Only the lines from the top of the data through the line with "LEGO 75640 instructions" should be repeated, each exactly as written.

PROVIDED DATA Start Marker

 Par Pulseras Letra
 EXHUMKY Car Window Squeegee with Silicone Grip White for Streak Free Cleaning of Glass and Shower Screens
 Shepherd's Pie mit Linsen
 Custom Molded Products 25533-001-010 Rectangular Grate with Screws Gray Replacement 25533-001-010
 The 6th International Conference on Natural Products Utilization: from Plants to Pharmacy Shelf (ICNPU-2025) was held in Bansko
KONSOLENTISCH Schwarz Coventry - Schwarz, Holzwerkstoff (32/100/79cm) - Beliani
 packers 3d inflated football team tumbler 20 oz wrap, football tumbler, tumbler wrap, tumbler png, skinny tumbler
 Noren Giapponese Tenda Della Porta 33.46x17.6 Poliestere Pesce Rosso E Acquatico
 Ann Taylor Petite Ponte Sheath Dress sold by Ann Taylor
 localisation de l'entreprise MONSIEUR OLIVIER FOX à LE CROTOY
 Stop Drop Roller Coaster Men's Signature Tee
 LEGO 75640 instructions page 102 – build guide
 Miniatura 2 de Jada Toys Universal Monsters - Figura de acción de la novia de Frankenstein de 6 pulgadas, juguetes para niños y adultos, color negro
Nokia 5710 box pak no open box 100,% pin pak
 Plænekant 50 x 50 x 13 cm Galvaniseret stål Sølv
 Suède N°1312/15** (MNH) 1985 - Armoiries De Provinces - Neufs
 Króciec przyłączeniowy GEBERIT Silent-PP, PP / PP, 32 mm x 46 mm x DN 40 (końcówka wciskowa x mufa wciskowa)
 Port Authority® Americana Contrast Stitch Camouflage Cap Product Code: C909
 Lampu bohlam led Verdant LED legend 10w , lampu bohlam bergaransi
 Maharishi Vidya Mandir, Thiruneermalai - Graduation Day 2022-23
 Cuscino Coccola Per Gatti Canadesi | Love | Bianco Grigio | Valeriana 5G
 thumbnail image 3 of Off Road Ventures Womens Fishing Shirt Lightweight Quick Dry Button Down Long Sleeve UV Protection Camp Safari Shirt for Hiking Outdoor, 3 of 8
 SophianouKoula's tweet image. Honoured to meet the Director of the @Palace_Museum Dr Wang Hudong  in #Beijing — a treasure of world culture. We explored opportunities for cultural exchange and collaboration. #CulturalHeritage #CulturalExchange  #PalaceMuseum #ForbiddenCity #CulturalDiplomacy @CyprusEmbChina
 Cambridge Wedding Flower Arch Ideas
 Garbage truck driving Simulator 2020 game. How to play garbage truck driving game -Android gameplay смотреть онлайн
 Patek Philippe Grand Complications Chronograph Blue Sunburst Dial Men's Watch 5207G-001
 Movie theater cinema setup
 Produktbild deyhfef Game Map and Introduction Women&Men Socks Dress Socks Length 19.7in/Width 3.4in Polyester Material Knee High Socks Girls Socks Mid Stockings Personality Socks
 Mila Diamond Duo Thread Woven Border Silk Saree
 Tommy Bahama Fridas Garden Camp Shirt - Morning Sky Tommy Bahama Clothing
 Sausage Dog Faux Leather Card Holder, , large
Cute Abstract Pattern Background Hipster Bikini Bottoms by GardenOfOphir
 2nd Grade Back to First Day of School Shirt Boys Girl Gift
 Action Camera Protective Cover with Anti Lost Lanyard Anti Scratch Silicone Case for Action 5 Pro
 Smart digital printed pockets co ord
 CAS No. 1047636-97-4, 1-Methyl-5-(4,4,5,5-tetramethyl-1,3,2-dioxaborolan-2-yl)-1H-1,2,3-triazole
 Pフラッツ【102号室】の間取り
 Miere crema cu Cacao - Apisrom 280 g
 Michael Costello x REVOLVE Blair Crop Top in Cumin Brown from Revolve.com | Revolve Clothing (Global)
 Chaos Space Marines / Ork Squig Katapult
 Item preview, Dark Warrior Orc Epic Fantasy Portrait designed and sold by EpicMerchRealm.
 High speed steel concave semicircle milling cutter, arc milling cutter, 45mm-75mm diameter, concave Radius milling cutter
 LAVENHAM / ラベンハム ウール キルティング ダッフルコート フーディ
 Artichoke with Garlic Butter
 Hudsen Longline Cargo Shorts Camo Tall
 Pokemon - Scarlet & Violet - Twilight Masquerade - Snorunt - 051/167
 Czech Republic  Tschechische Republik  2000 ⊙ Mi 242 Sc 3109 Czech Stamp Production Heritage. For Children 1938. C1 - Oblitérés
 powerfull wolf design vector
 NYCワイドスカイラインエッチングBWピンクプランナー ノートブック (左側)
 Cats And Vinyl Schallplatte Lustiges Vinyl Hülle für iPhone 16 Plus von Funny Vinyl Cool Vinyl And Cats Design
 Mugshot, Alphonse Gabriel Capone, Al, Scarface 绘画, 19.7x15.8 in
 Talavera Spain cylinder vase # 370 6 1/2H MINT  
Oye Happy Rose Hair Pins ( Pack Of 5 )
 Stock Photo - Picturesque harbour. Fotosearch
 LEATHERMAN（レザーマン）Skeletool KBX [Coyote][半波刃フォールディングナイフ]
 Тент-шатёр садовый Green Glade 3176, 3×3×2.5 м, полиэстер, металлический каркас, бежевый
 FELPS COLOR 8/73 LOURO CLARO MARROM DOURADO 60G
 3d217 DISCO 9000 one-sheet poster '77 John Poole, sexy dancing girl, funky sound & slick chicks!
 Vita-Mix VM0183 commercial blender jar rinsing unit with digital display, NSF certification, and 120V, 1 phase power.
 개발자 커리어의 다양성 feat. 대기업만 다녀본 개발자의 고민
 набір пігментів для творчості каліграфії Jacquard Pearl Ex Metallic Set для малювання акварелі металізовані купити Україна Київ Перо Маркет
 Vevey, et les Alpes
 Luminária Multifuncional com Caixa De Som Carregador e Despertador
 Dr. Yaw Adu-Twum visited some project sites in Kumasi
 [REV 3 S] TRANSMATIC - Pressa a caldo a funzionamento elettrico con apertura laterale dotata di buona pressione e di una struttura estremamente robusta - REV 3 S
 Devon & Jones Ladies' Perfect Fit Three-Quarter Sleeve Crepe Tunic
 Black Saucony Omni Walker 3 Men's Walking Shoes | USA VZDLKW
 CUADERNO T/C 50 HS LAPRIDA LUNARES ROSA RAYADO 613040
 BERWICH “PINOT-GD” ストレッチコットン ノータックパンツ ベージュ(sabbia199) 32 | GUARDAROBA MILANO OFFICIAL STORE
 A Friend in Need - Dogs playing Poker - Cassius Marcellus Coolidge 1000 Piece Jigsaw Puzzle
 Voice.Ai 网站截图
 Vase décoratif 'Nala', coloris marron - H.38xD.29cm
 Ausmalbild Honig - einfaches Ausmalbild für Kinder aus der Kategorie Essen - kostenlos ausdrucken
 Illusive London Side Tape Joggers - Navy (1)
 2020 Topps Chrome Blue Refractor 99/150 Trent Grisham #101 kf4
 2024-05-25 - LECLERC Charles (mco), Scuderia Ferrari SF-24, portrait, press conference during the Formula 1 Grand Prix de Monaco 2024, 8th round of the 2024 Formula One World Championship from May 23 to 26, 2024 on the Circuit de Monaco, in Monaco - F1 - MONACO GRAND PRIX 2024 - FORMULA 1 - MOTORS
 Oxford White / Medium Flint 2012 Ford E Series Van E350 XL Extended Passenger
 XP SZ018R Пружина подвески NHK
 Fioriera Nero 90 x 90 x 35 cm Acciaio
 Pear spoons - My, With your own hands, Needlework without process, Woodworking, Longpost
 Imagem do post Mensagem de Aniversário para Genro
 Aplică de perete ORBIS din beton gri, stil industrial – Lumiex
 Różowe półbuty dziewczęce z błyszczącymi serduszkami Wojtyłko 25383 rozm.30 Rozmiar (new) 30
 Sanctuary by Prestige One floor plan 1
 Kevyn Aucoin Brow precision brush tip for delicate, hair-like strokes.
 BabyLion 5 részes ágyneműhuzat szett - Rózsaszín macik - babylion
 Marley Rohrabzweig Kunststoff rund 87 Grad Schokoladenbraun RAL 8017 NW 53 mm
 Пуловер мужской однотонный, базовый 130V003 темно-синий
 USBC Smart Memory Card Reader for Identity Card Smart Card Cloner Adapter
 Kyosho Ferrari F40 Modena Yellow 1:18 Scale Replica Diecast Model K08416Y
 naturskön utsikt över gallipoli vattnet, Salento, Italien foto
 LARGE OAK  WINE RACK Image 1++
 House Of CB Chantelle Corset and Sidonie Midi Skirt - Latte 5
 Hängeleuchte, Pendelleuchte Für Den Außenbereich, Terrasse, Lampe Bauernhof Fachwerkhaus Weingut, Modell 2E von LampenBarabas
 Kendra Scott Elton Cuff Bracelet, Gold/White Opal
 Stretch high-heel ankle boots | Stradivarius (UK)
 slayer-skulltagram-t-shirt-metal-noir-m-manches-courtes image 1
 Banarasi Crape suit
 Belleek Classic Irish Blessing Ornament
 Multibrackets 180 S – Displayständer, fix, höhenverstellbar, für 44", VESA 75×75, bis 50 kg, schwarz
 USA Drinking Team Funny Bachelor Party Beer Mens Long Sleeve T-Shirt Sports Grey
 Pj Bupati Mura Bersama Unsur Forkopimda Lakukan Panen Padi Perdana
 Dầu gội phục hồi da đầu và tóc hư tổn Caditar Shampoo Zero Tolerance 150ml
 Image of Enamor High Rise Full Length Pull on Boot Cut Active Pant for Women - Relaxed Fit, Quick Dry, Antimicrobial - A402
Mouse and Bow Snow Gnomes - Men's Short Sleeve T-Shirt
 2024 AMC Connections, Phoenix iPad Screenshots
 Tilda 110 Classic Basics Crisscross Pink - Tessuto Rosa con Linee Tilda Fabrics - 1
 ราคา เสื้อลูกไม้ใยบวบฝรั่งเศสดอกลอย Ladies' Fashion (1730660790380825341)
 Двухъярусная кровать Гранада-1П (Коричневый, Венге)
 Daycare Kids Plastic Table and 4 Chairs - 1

PROVIDED DATA End Marker

REPLY TO THE EXERCISE:
 Par Pulseras Letra
 EXHUMKY Car Window Squeegee with Silicone Grip White for Streak Free Cleaning of Glass and Shower Screens
 Shepherd's Pie mit Linsen
 Custom Molded Products 25533-001-010 Rectangular Grate with Screws Gray Replacement 25533-001-010
 The 6th International Conference on Natural Products Utilization: from Plants to Pharmacy Shelf (ICNPU-2025) was held in Bansko
KONSOLENTISCH Schwarz Coventry - Schwarz, Holzwerkstoff (32/100/79cm) - Beliani
 packers 3d inflated football team tumbler 20 oz wrap, football tumbler, tumbler wrap, tumbler png, skinny tumbler
 Noren Giapponese Tenda Della Porta 33.46x17.6 Poliestere Pesce Rosso E Acquatico
 Ann Taylor Petite Ponte Sheath Dress sold by Ann Taylor
 localisation de l'entreprise MONSIEUR OLIVIER FOX à LE CROTOY
 Stop Drop Roller Coaster Men's Signature Tee
 LEGO 75640 instructions page 102 – build guide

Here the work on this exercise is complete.